-- What is expected --
This exercise asks for an exact copy of the lines from the one containing "Modern kitchen with" through the final line of the material, with pictures omitted.

-- Dataset section --
########
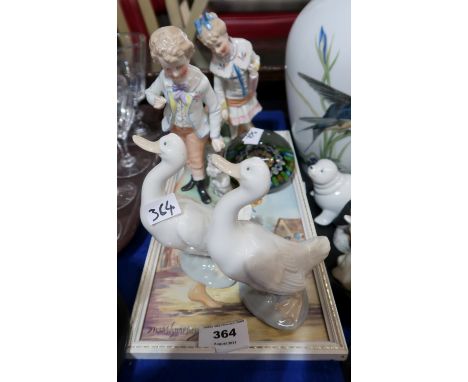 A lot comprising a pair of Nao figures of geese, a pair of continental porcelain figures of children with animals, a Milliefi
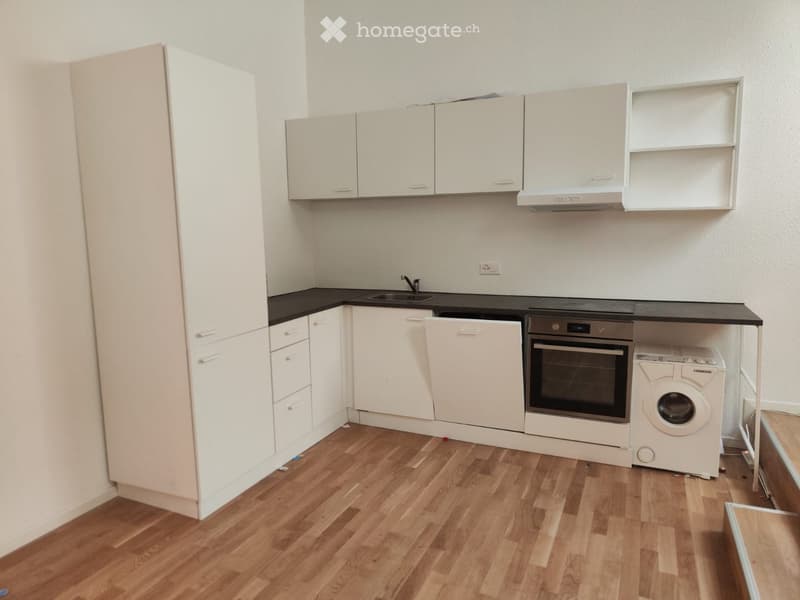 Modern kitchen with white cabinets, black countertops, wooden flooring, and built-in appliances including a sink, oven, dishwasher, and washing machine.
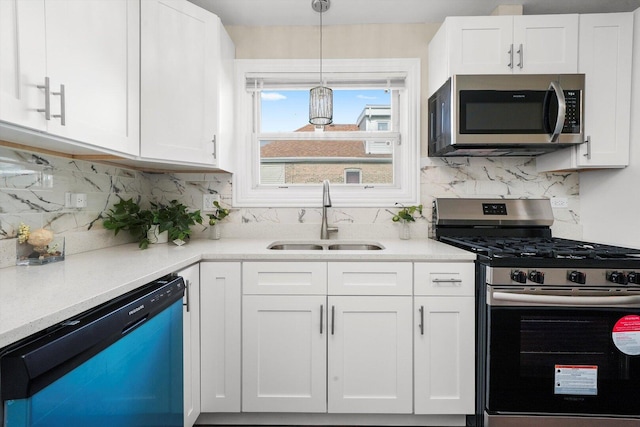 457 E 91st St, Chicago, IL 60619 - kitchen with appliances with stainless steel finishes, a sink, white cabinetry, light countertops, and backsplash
########
-- Written answer --
 Modern kitchen with white cabinets, black countertops, wooden flooring, and built-in appliances including a sink, oven, dishwasher, and washing machine.
 457 E 91st St, Chicago, IL 60619 - kitchen with appliances with stainless steel finishes, a sink, white cabinetry, light countertops, and backsplash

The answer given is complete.